He may have to start growing crops typically associated with more southern regions.
"Maybe some of the things you have in France such as sunflowers or soy or soybeans. Maybe I can grow these in Denmark."
"We don't think of Denmark as dried out," says Jens Hesselbjerg, a University of Copenhagen climatologist.
"Drought has not been considered as one of the outcomes of climate change, we have rather focused a lot in Denmark on extreme precipitation."
While experts have regularly mentioned drought as a possible consequence of climate change, "they didn't think it would happen here".
- 'Increasingly frequent' droughts -
Yet periods without rain have grown longer and more frequent in the Scandinavian country of 5.9 million people.
Authorities are now urging people to limit water usage and have banned open fires in the wild.
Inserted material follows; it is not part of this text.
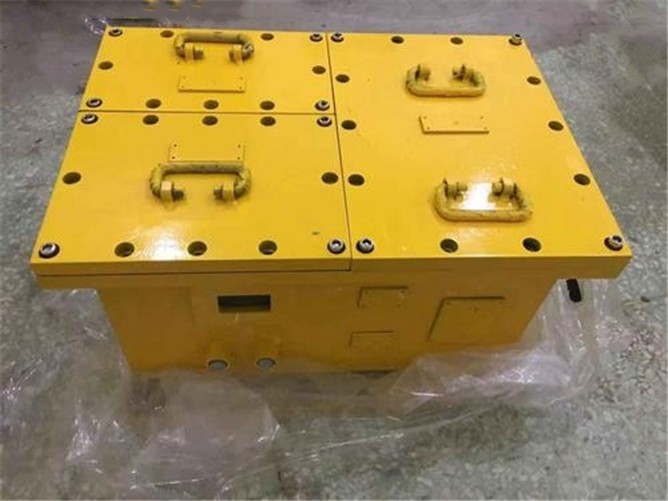 后備電力供應DXBL1536/24X礦用隔爆鋰離子蓄電池電源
Concerns are also mounting north of Denmark.
According to Copernicus, 51 percent of of Finland is affected by drought and 48 percent of Sweden -- where memories are still fresh of the 2018 blazes that claimed some 25,000 hectares of woodland.
Swedish Civil Defence Minister Carl-Oskar Bohlin said Thursday authorities were "on their toes" and better equipped now to fight fires and help farmers.
According to climatologist Gustav Strandberg, Sweden is experiencing the driest start to June in "at least 20 years".
In Finland, temperatures hovered this week around 30C in Helsinki, far above normal, with the risk of forest fires in southwestern areas "quite high".
"For an early summer drought, this is a pretty tough one," meteorologist Tuomo Bergman told AFP.
Norway is also experiencing an unusual dry spell, despite the fact that climate change has led to a 20 percent overall increase in precipitation since 1900, according to the Norwegian environment agency.
"It rains more but it's more concentrated, not spread out over time like we would need," meteorologist Hakon Mjelstad told AFP.
"There's a lot one week, then nothing for a month."
Forest fire warnings have been raised to the highest level in large parts of southern and southeastern Norway, with all open fires except for backyard barbecues prohibited.
"Dry summers like the one that we are expecting ... used to be rare," said Mjelstad.
"But they will become increasingly frequent. Simply because it is getting warmer" on Earth.